##### GIVEN RECORDS #####
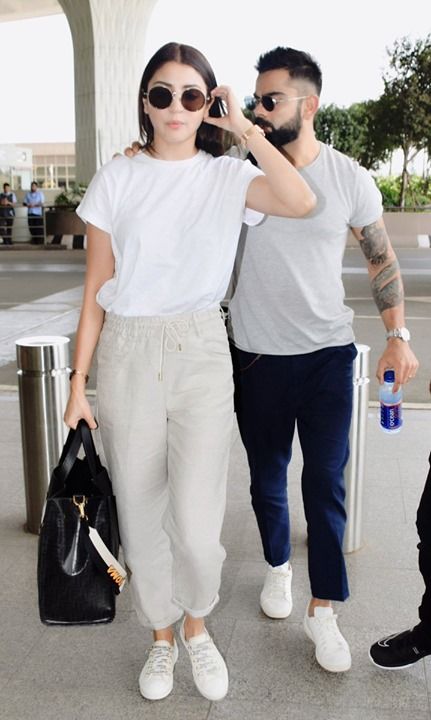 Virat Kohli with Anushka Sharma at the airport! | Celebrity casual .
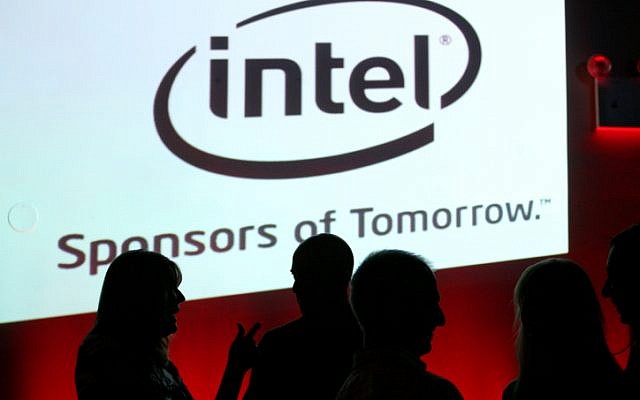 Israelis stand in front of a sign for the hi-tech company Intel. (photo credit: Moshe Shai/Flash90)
#####
##### GIVEN RECORDS #####
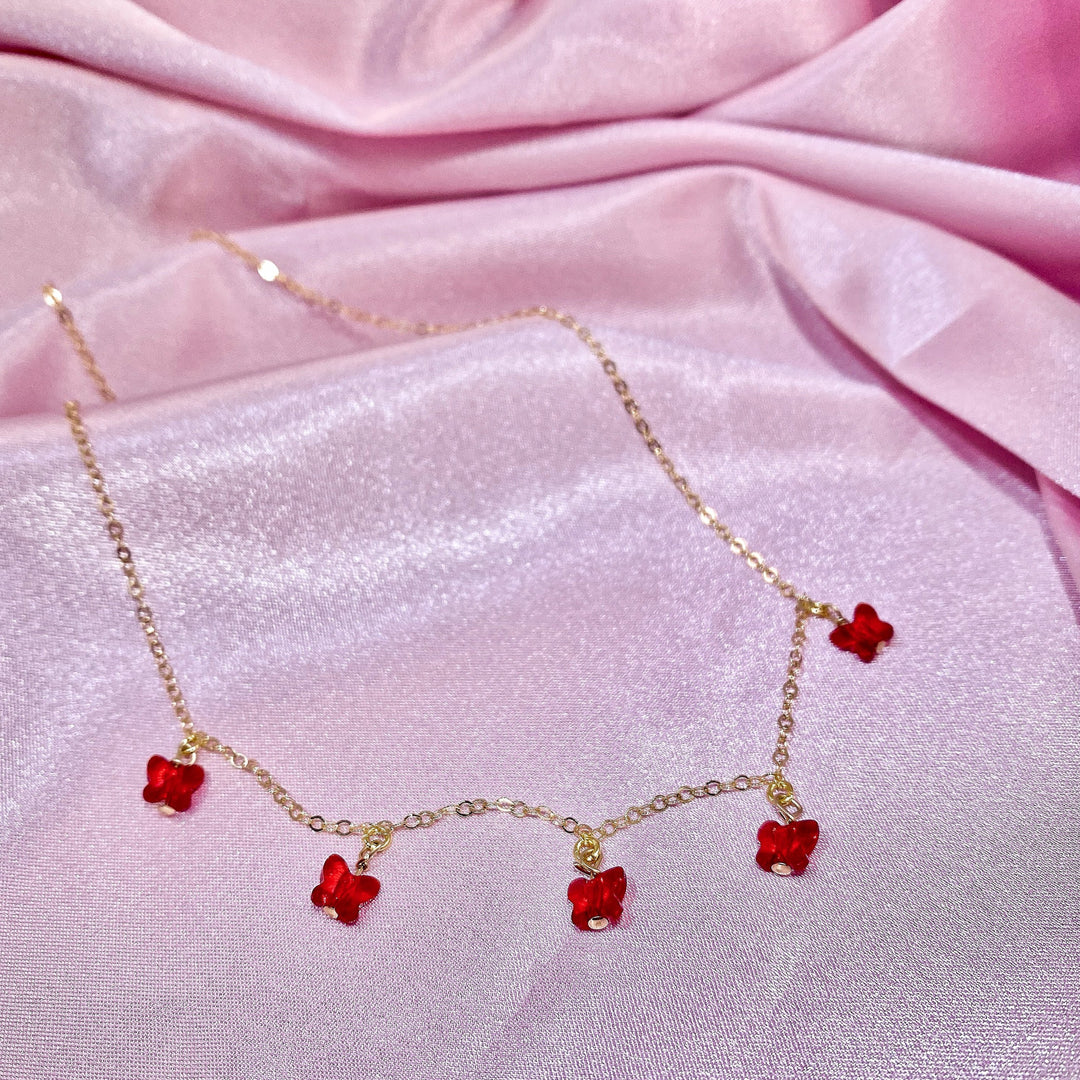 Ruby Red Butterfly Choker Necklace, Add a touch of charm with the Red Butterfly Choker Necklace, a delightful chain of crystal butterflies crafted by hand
#####
Within the listing above, the lines from the one with "Virat Kohli with" through the one with "Israelis stand in" are to be given again word for word. Do not include pictures.

REPLY TO THE TASK:
 Virat Kohli with Anushka Sharma at the airport! | Celebrity casual .
 Israelis stand in front of a sign for the hi-tech company Intel. (photo credit: Moshe Shai/Flash90)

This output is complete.